TASK ITEM:
Nothing but the lines below from the one with "Apartamento com 2" through the one with "Ashen Gray Metallic" should be output, each exactly as given, and no pictures.
BEGIN RECORDS FOR THE EXERCISE
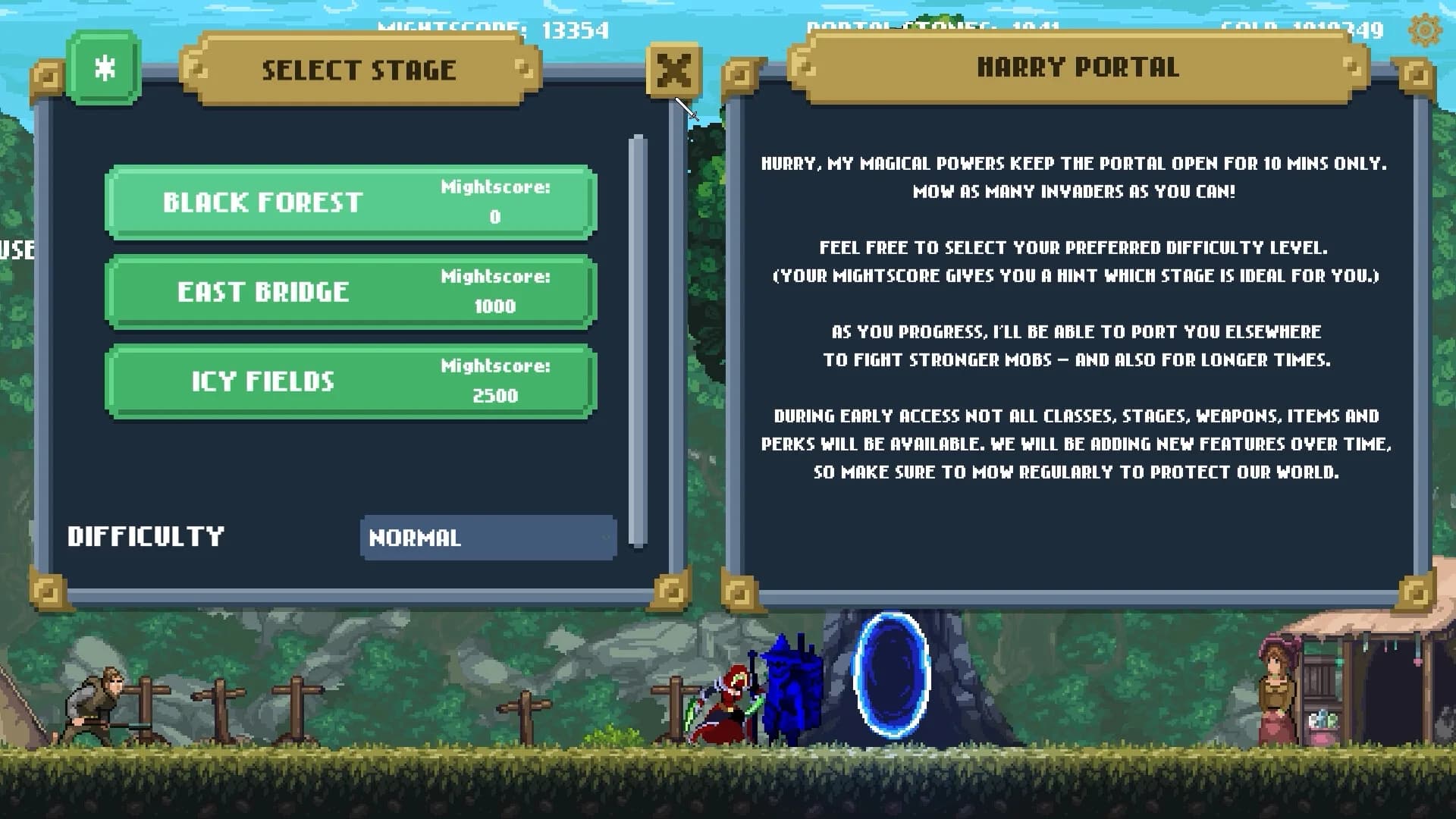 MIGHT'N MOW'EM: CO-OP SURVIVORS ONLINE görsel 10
END RECORDS FOR THE EXERCISE
BEGIN RECORDS FOR THE EXERCISE
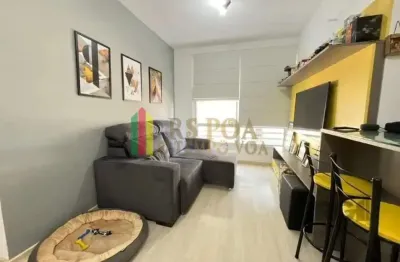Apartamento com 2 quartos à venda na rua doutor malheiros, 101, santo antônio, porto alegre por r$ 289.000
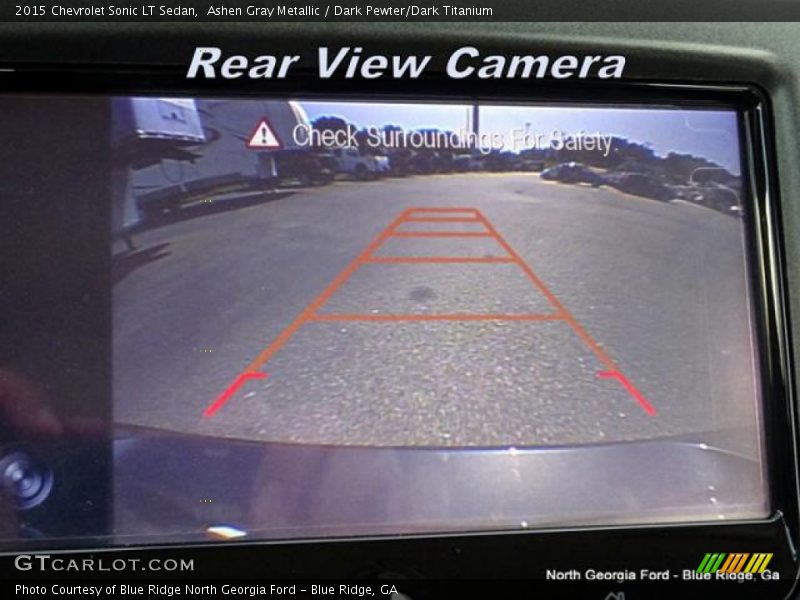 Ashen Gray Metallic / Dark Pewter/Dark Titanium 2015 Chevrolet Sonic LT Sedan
END RECORDS FOR THE EXERCISE
BEGIN RECORDS FOR THE EXERCISE
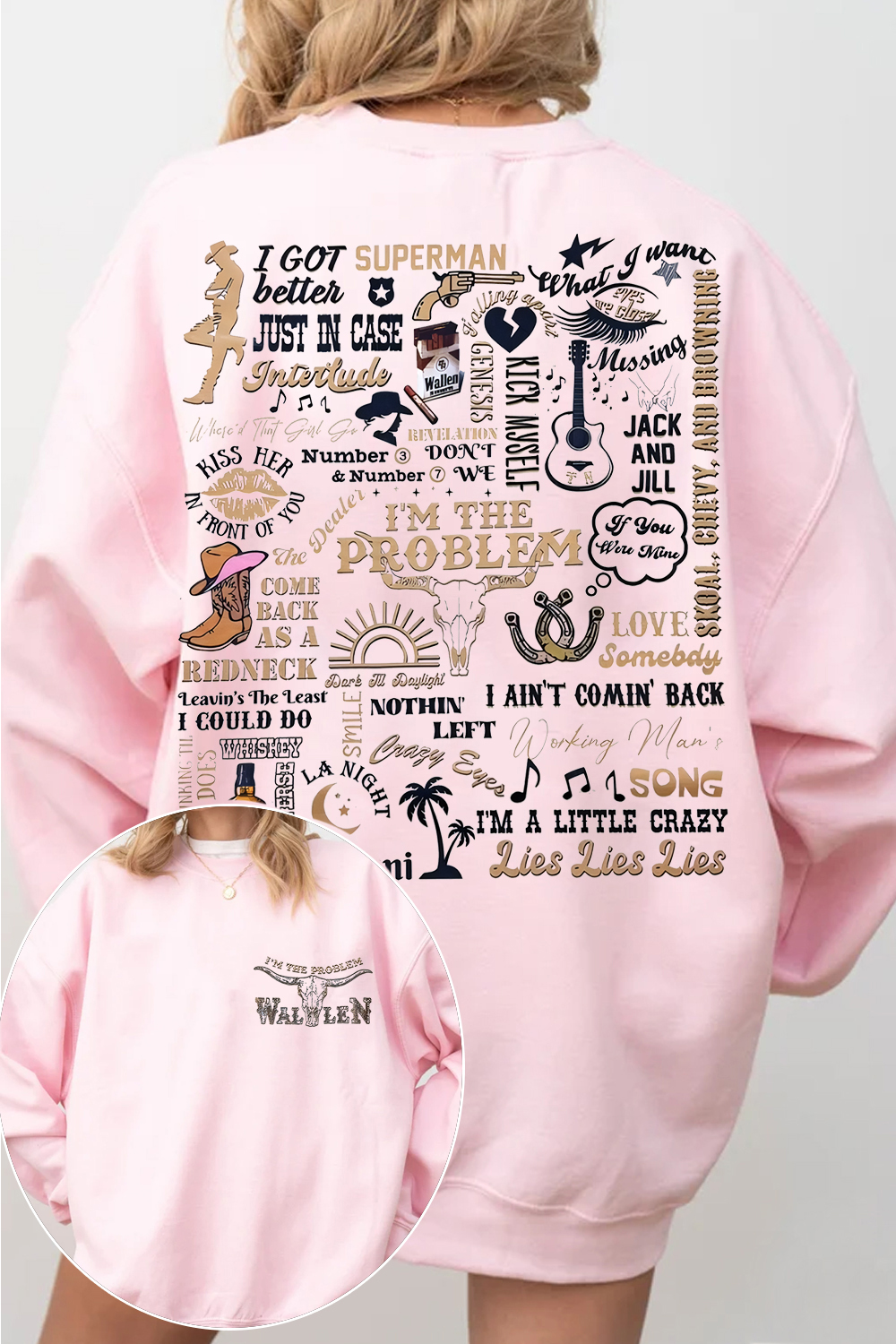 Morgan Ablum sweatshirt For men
END RECORDS FOR THE EXERCISE
EXERCISE RESPONSE:
Apartamento com 2 quartos à venda na rua doutor malheiros, 101, santo antônio, porto alegre por r$ 289.000
 Ashen Gray Metallic / Dark Pewter/Dark Titanium 2015 Chevrolet Sonic LT Sedan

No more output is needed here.